Dan repels an attacker

“So you don’t think there’ll be any Jihadists in Dundee?”

” Naw, but see if they tried. this is Scotland after all. They’d get a smart kick in the nuts from me and the arse torn oot their  troosers by Gnasher.”

I was silent, comforted by his homely belligerence, but feeling slightly guilty that I didn’t respond to the Muslim initiative with quite as much enthusiasm as he did. For although I admire the sincerity and goodwill of these students, I know, as they do, that the Qur’an contains other verses which appear to promote violence against non- believers, just as there is material in the Bible which does the same.

The truth is that decent Christians and Muslims are nicer than the worst bits of their scriptures. I mean, Desperate Dan might enjoy a punch-up, but he wouldn’t want men women and children massacred, as God commanded Joshua, or sinners fried in hell forever, as it is written, Jesus did. He confirms this when I confide my thought to him.

“I’m no’ saying I wouldnae scald their bums for a long weekend, but no’ forever, an’ don’t forget, it’s a life sentence for the stokers as well, eh no?”

I conceal from him my own less generous hope that certain tyrants and bullies will end up stuck for eternity upside down in the Tay Estuary Large Sewage Outflow.(LSO). But I am still plagued by the thought that decent people may be made worse by religion and that bad people may be turned into monsters.
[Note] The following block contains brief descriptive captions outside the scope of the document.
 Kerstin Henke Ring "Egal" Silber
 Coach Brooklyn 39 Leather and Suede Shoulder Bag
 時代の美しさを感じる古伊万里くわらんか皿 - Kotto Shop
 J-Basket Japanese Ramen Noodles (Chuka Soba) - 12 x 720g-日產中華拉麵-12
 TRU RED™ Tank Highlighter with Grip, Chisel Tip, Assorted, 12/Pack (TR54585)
The only way in which Christian people can help their Muslim friends with this issue is to show a a good example. Perhaps a public bonfire of biblical nonsense might be a good start?
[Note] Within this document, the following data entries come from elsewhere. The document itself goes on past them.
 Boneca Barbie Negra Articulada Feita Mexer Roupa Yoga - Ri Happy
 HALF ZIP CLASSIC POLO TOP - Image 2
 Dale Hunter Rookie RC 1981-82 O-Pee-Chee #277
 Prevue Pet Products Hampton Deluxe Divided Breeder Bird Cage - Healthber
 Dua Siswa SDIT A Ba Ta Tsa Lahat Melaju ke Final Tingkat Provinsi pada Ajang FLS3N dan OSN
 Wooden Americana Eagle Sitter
Maybe we could have a special ritual for this.

(Here I have to introduce my foreign readers to the Scots word, “mince” which in this usage  does not refer to minced meat but to verbal material which is factually or intellectually null, that is, total nonsense.)

A large fire is kindled in a public place. Then shall the celebrant take a piece of cardboard with the offending verse named and printed, and shall read it aloud, thus:

CELEBRANT. Joshua chapter 17 from verse 2: If there is anybody, man or woman, who goes and serves other gods and worships them, ……… you must stone that man or woman to death.
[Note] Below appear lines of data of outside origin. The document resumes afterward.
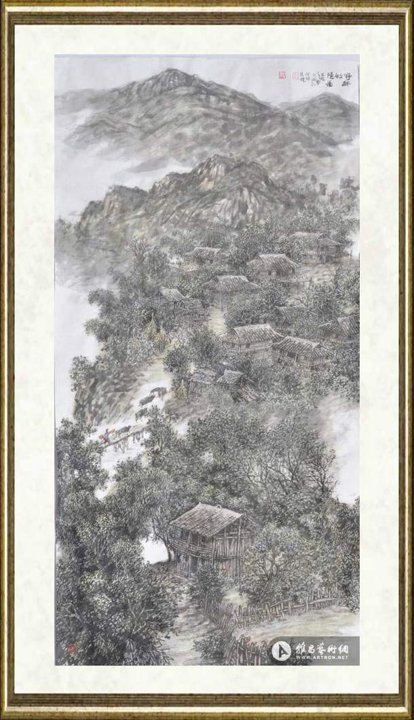 刘岳琥_野村牧隐图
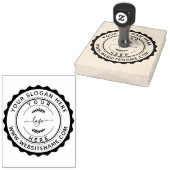 Aangepaste zakelijke Logo Grote rubberstempel (Gestempeld)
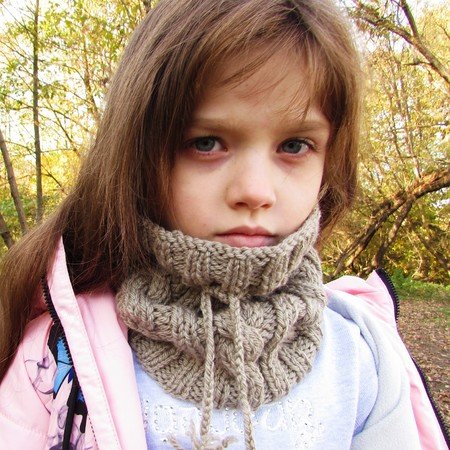 Knitting Pattern-the Tuft Hooded Scarf 12/18 Months, Toddler, Child, Teen,  Adult Sizes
Is this THE WORD OF GOD, brothers and sisters, or is it MINCE? LET THE PEOPLE SPEAK.


CELEB: You say it is MINCE?

PEOPLE: Yea, assuredly it is TOTAL MINCE

CELEB: Therefore it is cast into the FLAMES

PEOPLE: And its SMOKE goes up forever.

The ceremony could easily include Leviticus 18/ 22 ( same sex intercourse an abomination) Joshua 6/17 ( God commands all inhabitants of a captured city put to death) Matthew 25/46 (these will go to eternal punishment) plus many more.

CELEB: Why are these holy verses thrown to the FLAMES?

PEOPLE: For they are all TOTAL MINCE



In whose name would this ceremony take place? Well, of course in the name of Jesus Christ who was executed because, amongst other dodgy behaviour, he told people that bits their scripture were mince. (see MATTHEW 5/ 20-48) image

We cannot and would not want to erase these offending scriptures as if they had not been ever been part of our holy books. That would be dishonest, and would prevent people examining them and making up their own minds about them. But the ceremony would be repeated every year to make sure believers and non-believers alike would be liberated from the power of bad teaching.

“That’s finger-lickin’ good,” Dan says, exhibiting his transatlantic idiom, when I outline my proposal to him. “An’ I’d be delighted tae be the celebrity in charge!”

” Celebrant,” I say.

” I said celebrity,” says Desperate Dan, ” an’ maybe if I ask them, some of they nice Muslim people will bring some of their own mince………”

( I wonder if all this rules out putting  Kim Jong-un and Donald Trump in the LSO for at least part of eternity?)